■ **Given data**
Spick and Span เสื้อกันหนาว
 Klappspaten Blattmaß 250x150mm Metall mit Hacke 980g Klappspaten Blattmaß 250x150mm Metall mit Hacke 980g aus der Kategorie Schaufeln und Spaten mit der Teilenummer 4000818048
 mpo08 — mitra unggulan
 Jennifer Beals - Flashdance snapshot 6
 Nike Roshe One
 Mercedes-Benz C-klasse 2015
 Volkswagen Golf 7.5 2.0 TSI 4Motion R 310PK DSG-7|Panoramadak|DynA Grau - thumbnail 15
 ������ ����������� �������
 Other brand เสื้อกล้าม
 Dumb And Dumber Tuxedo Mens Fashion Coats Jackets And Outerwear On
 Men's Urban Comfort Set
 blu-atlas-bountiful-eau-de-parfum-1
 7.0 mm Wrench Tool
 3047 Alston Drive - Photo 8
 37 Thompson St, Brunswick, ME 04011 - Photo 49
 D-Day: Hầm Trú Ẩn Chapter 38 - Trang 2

■ **Exercise objective**
"mpo08 — mitra unggulan" marks the last line to print; print everything from the first line of the data through that line, unchanged, and nothing more.

■ **Answer space**
Spick and Span เสื้อกันหนาว
 Klappspaten Blattmaß 250x150mm Metall mit Hacke 980g Klappspaten Blattmaß 250x150mm Metall mit Hacke 980g aus der Kategorie Schaufeln und Spaten mit der Teilenummer 4000818048
 mpo08 — mitra unggulan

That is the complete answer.